### WHAT YOU ARE ASKED TO DO
Please set down the line that contains "New 3D Bear" and every line below it through the last, exactly as written, with no other lines.

Scraped caption text data:
* * *

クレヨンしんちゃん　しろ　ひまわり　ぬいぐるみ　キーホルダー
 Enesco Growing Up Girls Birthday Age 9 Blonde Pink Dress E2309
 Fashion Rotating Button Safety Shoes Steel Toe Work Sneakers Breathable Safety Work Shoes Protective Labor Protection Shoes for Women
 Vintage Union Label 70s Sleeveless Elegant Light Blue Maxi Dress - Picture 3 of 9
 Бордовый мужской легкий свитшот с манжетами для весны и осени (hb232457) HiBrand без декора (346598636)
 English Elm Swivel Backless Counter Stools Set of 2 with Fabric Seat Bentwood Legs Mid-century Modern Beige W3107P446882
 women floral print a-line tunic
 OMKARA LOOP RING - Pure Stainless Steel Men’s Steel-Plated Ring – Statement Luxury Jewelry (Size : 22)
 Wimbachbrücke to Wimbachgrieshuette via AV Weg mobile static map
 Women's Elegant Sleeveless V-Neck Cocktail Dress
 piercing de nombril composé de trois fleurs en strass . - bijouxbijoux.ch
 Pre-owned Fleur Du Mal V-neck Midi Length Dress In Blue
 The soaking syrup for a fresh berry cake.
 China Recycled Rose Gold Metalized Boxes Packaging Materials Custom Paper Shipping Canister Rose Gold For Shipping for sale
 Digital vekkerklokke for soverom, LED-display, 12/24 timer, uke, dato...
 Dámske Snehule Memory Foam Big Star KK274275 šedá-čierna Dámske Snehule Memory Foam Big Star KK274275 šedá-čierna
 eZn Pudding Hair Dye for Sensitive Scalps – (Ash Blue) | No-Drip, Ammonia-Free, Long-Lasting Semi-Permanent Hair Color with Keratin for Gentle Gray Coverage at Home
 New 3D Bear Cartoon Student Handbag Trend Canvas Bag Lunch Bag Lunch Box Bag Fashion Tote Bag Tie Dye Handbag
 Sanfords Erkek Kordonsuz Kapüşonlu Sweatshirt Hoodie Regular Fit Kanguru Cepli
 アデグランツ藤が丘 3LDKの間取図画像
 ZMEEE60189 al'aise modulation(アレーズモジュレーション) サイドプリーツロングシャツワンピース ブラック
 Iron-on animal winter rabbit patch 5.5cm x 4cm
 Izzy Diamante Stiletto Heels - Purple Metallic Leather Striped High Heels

* * *

### EXERCISE RESULT
 New 3D Bear Cartoon Student Handbag Trend Canvas Bag Lunch Bag Lunch Box Bag Fashion Tote Bag Tie Dye Handbag
 Sanfords Erkek Kordonsuz Kapüşonlu Sweatshirt Hoodie Regular Fit Kanguru Cepli
 アデグランツ藤が丘 3LDKの間取図画像
 ZMEEE60189 al'aise modulation(アレーズモジュレーション) サイドプリーツロングシャツワンピース ブラック
 Iron-on animal winter rabbit patch 5.5cm x 4cm
 Izzy Diamante Stiletto Heels - Purple Metallic Leather Striped High Heels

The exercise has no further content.